What to look out for:

  • Setting the resolution over 600 dpi increases the recognition time. Increasing the resolution does not yield substantially improved recognition results. Setting an extremely low resolution (less than 150 dpi) adversely affects OCR quality. See User's Guide for additional information.
  • Pattern training: If using this tool, be sure to train the tool on an image that is the same resolution as the other images you wish to OCR. This tool can be useful when running the software on many labels with the same format/fonts.
  • Hot Folder: Using the Hot Folder allows for running the OCR software on batches of images. However, it does not scan barcodes in an image, only human-readable tex. When running the software on individual images (i.e. not using the Hot Folder), one can select to scan the barcode, as well as detect human-readable text.

Recognition Server Tips

What works best:

EH: start with fewer languages selected since each language adds to the time taken (potential to sort specimens geographically prior to OCR). We are currently processing our specimens from SW Asia and the Middle East with a large number from Turkey so we currently run ABBYY with Turkish and English selected.
EH: we select high quality rather than speed

PL: OCR quality can be enhanced when a large image is cropped - which also reduces page count.
PL: Images can be ingested from a shared folder, or scan station, or ftp/ftps, or API. Hotfolder ingestion can be further controlled by including an optional XML ticket.
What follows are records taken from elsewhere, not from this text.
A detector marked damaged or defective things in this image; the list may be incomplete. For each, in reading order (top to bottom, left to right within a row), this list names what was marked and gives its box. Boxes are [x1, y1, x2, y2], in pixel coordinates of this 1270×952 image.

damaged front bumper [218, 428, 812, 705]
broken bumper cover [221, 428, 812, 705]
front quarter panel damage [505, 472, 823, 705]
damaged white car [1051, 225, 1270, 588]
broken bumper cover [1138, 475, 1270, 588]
XML tickets control workflow, output, and allow metadata to be ingested along with the image to be processed.

What to look out for:

EH: we find that running the whole image increases the page count, each image ends up as 4-6 pages. Not necessarily a problem but good to be aware of if page count is an issue.

Tesseract Tips

What works best:

Resolution: x-height (pixel height of lowercase letter) between 20-40 pixels is ideal
Switching to grayscale, increasing contrast, and other image treatments can improve output at times

What to look out for:

Resolution: an x-height below 8-12 pixels will produce very poor OCR return
Using a black background for package labels (e.g. lichens, bryophyte) will create a black border that can significantly reduce OCR return
Form labels can interfere with OCR output
Faded labels or images with poor lighting can be problematic
Old font can be problematic. However, it is possible to train Tesseract for new fonts

Fixing errors:

Tesseract makes characteristic errors. Some of these such as "\/\/" or "\X/" substituted for for "W" can be be globally replaced as it is highly unlikely that they would occur on their own on a label. Others such as "O" substituted for "0", "1" or "!" substituted for "l" or "Z" substituted for "2" or visa versa can be replaced in a context-dependent manner in dates, latitudes and longitudes, etc. For instance, a string containing multiple errors such as "0ct. !Z, ZOlZ" can be programmatically located with a regular expression and changed to "Oct. 12, 2012" or even "12-October-2012" so that it can be entered into a database.

Misc notes:

Will often recognize vertical text
Image input can be tif, jpeg, or gif

Omnipage features

Advantages of Omnipage

  • Very good OCR accuracy
  • Converted documents e.g. pdf-files look exactly like the original. Similar fonts.
  • Supports output formats including XML, PDF, HTML, Microsoft Word, plus many more formats.
  • Provides location (coordinates) of recognized words.
  • Batch processing with 4 cores.
  • Schedule large volumes of files for batch processing from folders.
  • Recognises over 120 languages.
  • Price from $149.00 (standard) to $499.00 (professional)

Disadvantages

  • is limited to images of 8600 lines
  • Omnipage SDK estimated $6000.00

Source of page contents

Notes on these pages are compiled from the cumulative experiences of the iDigBio Augmenting OCR Working Group and the natural history collections community members contributing their collective knowledge for the benefit of all.